#### [GIVEN RECORDS]

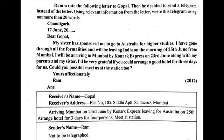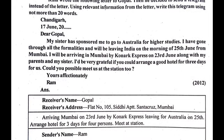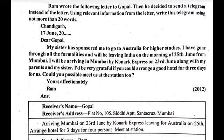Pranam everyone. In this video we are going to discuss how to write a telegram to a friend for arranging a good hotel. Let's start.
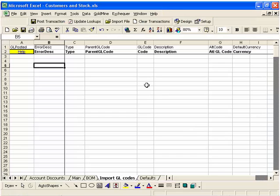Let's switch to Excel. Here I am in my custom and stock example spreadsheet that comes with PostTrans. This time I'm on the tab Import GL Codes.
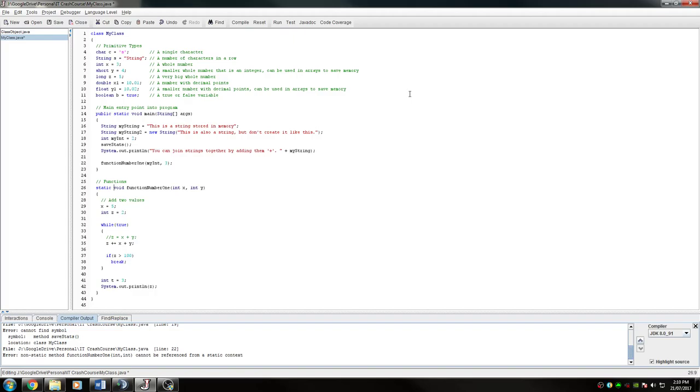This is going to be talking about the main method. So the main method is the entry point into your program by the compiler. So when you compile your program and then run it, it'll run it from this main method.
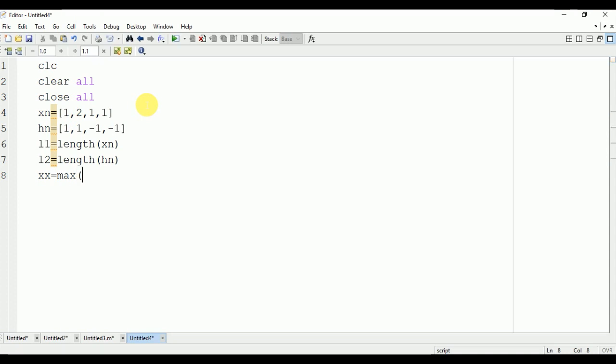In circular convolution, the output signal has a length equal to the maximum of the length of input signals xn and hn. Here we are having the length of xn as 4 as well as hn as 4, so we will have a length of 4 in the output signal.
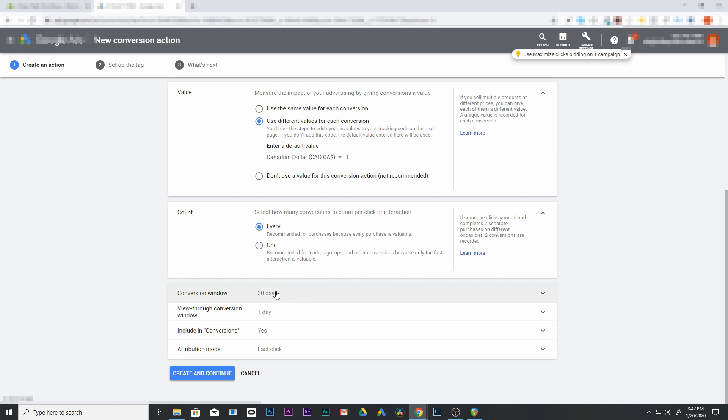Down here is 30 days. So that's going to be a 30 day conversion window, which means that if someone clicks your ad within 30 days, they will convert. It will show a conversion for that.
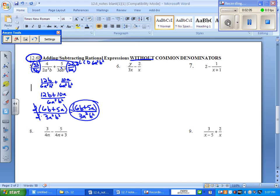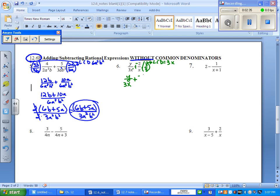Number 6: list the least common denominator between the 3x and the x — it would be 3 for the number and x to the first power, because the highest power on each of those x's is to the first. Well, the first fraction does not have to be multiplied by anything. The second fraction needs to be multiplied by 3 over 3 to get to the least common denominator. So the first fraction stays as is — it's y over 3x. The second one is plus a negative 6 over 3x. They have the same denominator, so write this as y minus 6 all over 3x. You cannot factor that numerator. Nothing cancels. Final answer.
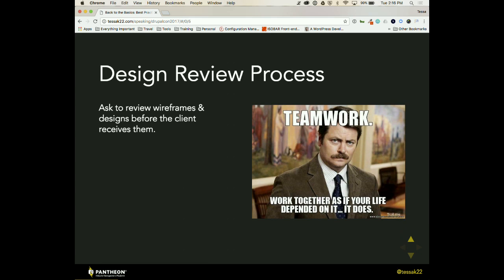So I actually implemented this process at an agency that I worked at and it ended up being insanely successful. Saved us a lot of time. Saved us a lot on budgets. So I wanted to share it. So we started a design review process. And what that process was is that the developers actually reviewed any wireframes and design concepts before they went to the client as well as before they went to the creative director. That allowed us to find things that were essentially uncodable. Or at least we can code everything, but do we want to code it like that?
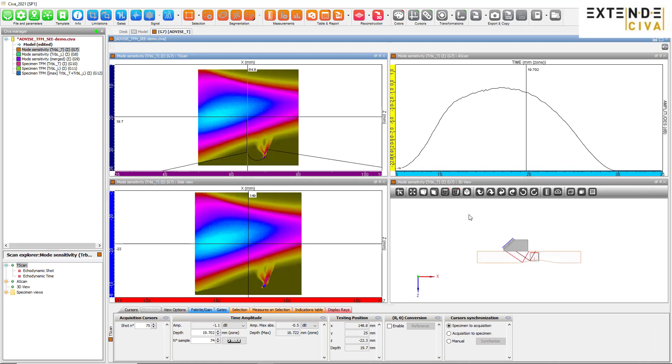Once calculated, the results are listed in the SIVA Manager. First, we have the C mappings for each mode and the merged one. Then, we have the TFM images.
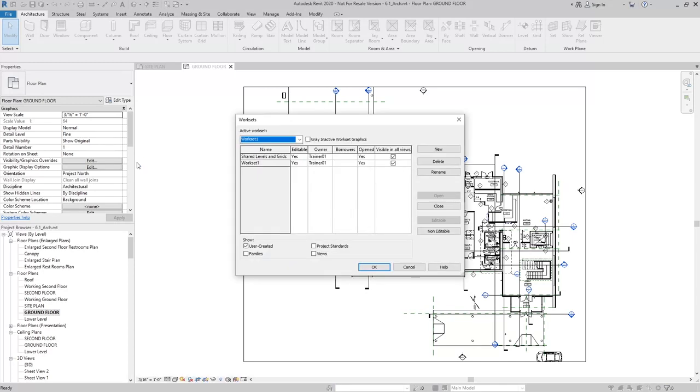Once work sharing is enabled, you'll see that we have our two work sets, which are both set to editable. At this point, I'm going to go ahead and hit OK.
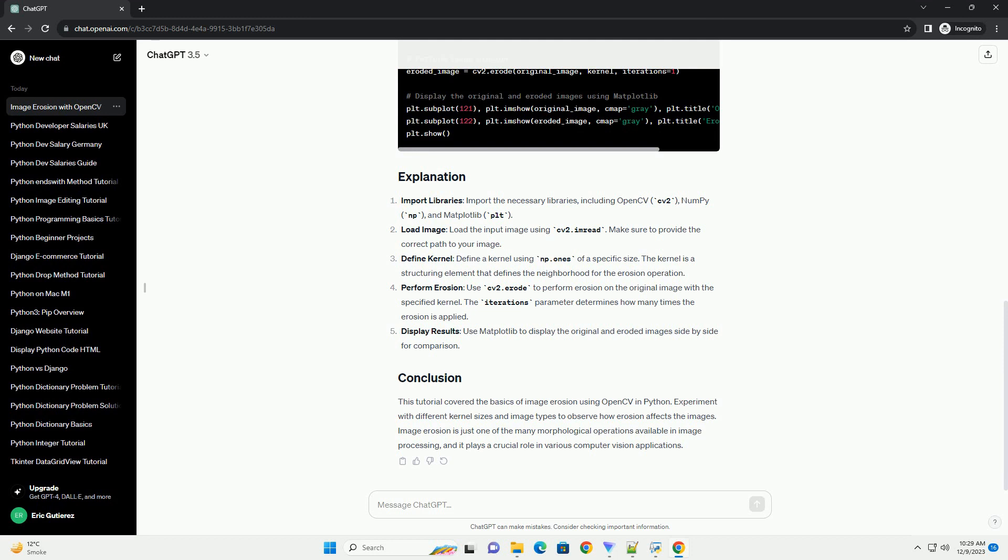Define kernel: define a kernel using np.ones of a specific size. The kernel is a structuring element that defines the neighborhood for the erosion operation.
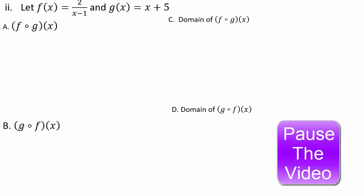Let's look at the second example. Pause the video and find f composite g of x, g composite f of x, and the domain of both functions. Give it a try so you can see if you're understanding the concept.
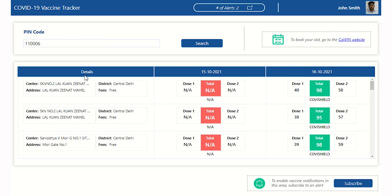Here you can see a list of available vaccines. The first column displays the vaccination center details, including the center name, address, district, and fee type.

#### [WHAT YOU WILL DO]
Above, find the line holding "In circular convolution, the" and the line holding "Down here is". Print exactly those two lines and every line between them, but no pictures.

#### [TASK SOLUTION]
In circular convolution, the output signal has a length equal to the maximum of the length of input signals xn and hn. Here we are having the length of xn as 4 as well as hn as 4, so we will have a length of 4 in the output signal.
Down here is 30 days. So that's going to be a 30 day conversion window, which means that if someone clicks your ad within 30 days, they will convert. It will show a conversion for that.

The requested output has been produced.